Zwitterion Embedded Thin Film Composite Membrane for Oily Wastewater Treatment


1 Advanced Membrane Technology Research Centre (AMTEC), Universiti Teknologi Malaysia, 81310 Skudai, Johor, Malaysia

2 Department of Environment Technology and Management, College of Life Sciences, Kuwait University, Kuwait


The recent development in oil and gas industry increases the production and consumption of oil. The enormous amount of oily wastewater produced is urged to be treated to prevent humanity and environment from being threatened. Membrane technology is an appealing alternative for oily wastewater treatment due to its design simplicity, energy efficiency and environmentally benign approach. In this study, a poly[3-(N-2-methacryloylxyethyl-N,N-dimethyl)-ammonatopropanesulfonate] (PMAPS) incorporated thin film composite (TFC) membrane with excellent anti-fouling properties was fabricated for oil removal from oily wastewater through forward osmosis process. PMAPS was blended with the polyethersulfone (PES) dope solution and casted into PES support layer.
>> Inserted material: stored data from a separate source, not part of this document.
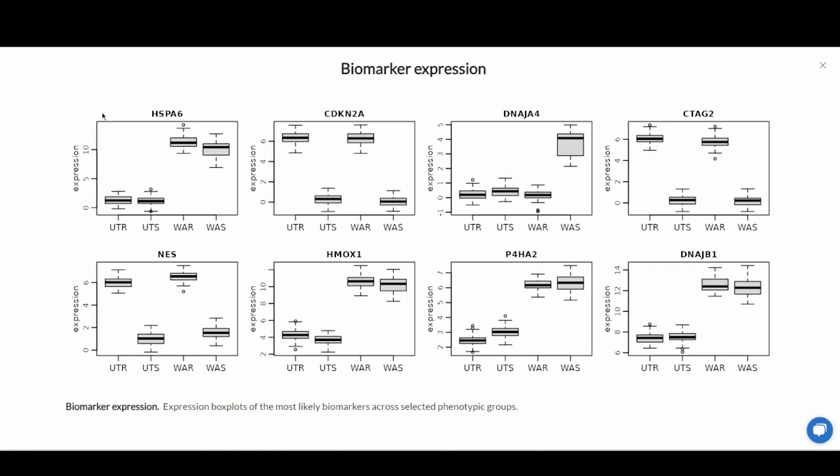You can see the top two correspond to the heat shock protein A6 and CDK-N2A gene that were used to produce the decision tree, and you can see the expression across the different phenotypic groups.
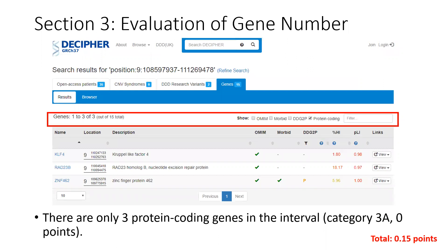Moving on to Section 3, the evaluation of gene number. Again, Decipher is a great source for getting this information quickly. On the genes tab, you can select to show only protein-coding genes. In our interval, there are three protein-coding genes out of 15 total. Because there are only three protein-coding genes, that takes us to Category 3A, which is worth zero points. So if you're keeping a tally, thus far we have only been able to award 0.15 points for the haploinsufficiency predictors.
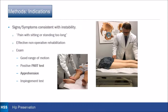The signs and symptoms were consistent with instability: pain with sitting or standing too long, failed non-operative rehabilitation. These patients usually had good range of motion, a positive prone apprehension relocation test, apprehension, or an impingement test.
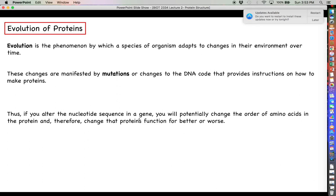Mutation gets a negative connotation, but there are good mutations, bad mutations, and neutral mutations that produce no effect at all. Evolution is characterized by the accumulation of good mutations — those changes to protein function allow organisms to survive in their new environment, live long enough to reproduce, and pass those good genes on. Organisms that don't adapt, or get bad mutations, die off before they can reproduce.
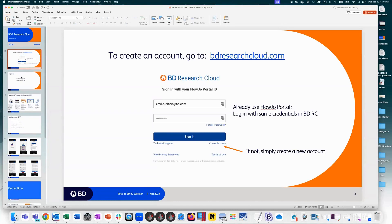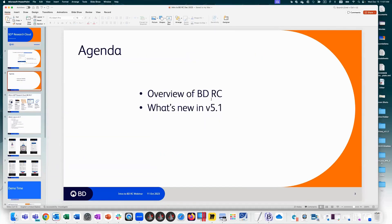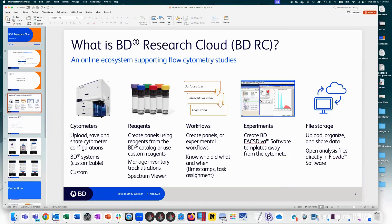I'll do a brief overview of BDRC and its capabilities, then focus on what's new in version 5.1. Research Cloud is an online ecosystem supporting flow cytometry studies. You can upload, save, and share cytometer configurations — BD instruments or non-BD. Using that cytometer information, you can create panels using either BD or non-BD reagents. You can also manage your antibody inventory and track titration information, and I'll demonstrate how to pull that into your staining sheets — a new feature in 5.1.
The TFC was fabricated via interfacial polymerization (IP) technique to form a thin film polyamide (PA) layer atop of a PES support layer. The PMAPS incorporated TFC membranes has been characterized for their morphology, surface hydrophilicity and charges. The incorporation of PMAPS was compatible with the PES polymer matrix hence lead to defect-free thin film formation. Prior to the hydrophilicity of PMAPS, the resultant TFC membrane exhibited a high water flux of 10.3±0.3 L/m2.h and oil flux of 9.6±0.8 L/m2.h, reverse salt flux of 1.3±0.4 L/m2.h under FO mode using emulsified oily solution as feed solution and 2M NaCl as draw solution using active layer-feed solution (AL-FS) orientation. 99% of oil rejection was obtained. Also, PMAPS incorporated TFC membrane was able to outperform neat TFC membrane with lower fouling propensity for oily waste treatment.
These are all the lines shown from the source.